Tarantino y su cinematógrafo Robert Richardson han iluminado sus escenas de tal forma que muchas veces no distinguimos quién está dónde, ni quién está haciendo qué. Es parte de la sensación de novela de misterio que tiene el filme y que sustituye un gran salón por la casa grande de los misterios clásicos. A veces sentimos la claustrofobia que nos impartió el tren en “Orient Express…” y el sentido ominoso de la isla remota en “… There Were None”. La posición de los ocupantes del salón muchas veces nos hace sospechosos de quién es quién y qué se espera de los personajes.
Ese misterio que se va desmadejando ante nuestros ojos incluye el título de la película. No puedo decir mucho sobre eso, pero pregunto: ¿Es el título un engaño borgiano? Los detalles de la guerra civil norteamericana (la trama ocurre después que esta ha terminado) son fascinantes (como en “Django Unchained”) y, dentro de la ficción que genera el guión, hay planteamientos sobre la relación entre las razas, la justicia, el machismo, el abuso de la mujer, la pena capital y la frontera entre la realidad y la fantasía.
Las actuaciones de Jackson y Russell son magníficas. El primero pasa de ser mercenario a convertirse en el detective que explica el misterio con la facilidad que Bruce Wayne se convierte en Batman y con una elegancia salpicada de grosería que combina bien con la situación, la época y los que lo rodean. El segundo solo quiere coleccionar su recompensa por traer a la justicia a Daisy Domergue, pero hace de la tiranía, la avaricia y las tendencias sanguinarias características profunda del personaje: el tipo le encanta ver a alguien colgar de una soga y odia las mujeres.
Desde la primera vez que vemos la Daisy de Jennifer Jason Leigh con un ojo amoratado, el rostro parcialmente oculto detrás del marco de la ventana de la diligencia, sabemos que estamos ante una femme fatale. No pasa mucho tiempo antes de verla intercambiando miradas salaces con Warren (Jackson) y pasándose la lengua sugestivamente sobre los labios cubiertos de sangre como resultado de una trompada que le ha dado Ruth. (Le da muchas y se dicen barbaridades.) Por tiempos callada e imposibilitada de movimiento por estar esposada a Ruth el mercenario, ningún golpe la amedrenta ni la calla.
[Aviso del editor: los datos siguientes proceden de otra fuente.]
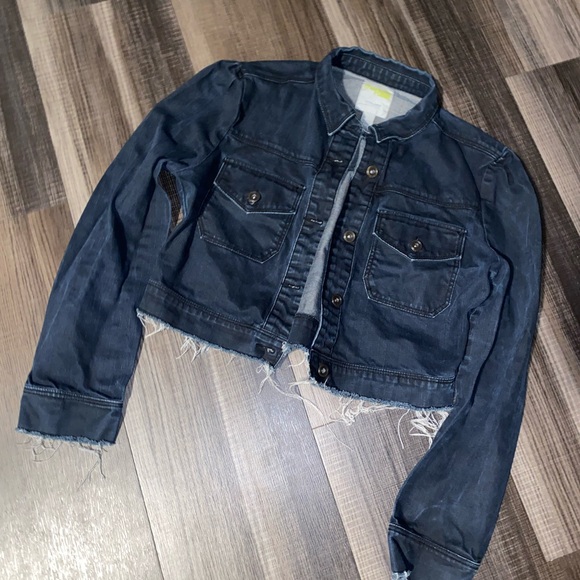 Charlotte Russe Dark Blue Cropped Denim Jacket - Picture 8 of 8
La fogosidad de la actuación tiene el voltaje que podría generar una erupción volcánica. Mientras todos los hombres en la cinta está haciendo su cosa, Leigh les roba escena tras escena y es el centro de la película aún cuando está callada. En un momento canta una balada australiana que le da al filme su único momento tierno y con ello redondea su personalidad: es verdaderamente bruja mala y bruja buena; demonio y ángel: extraordinaria.
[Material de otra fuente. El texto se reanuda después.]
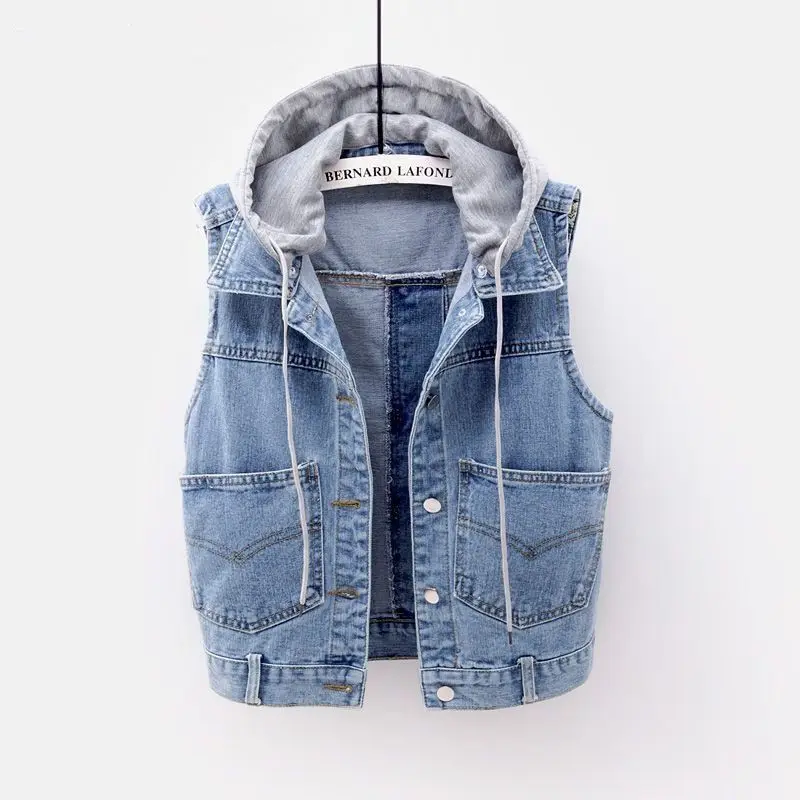 Spring and Autumn Clothing New Korean Version Versatile Loose Hooded Casual Top Jacket Denim Women's Vest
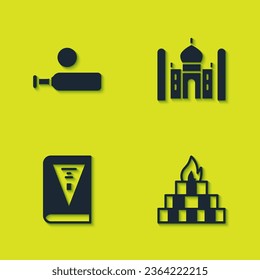 Set Wood cricket bat and ball, Yagna, India constitution day and Taj Mahal icon. Vector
En “Inglourious Basterds” (2009; y es así como se llama) en la escena del bar francés donde se suscita una batalla campal entre los alemanes y los espías, Tarantino fue enrollando la goma hasta que la tensión era casi insoportable. Aquí lo vuelve hacer con un efecto cinemático que pocos pueden generar, sin simulacros electrónicos ni digitalización; sí con la ayuda de la música del gran Ennio Morricone. Al mismo tiempo nos hace reír con su violencia extrema e inesperada, como si hubiera inventado a Guiñol y en vez de un garrote como arma tuviera un serrucho de cadena.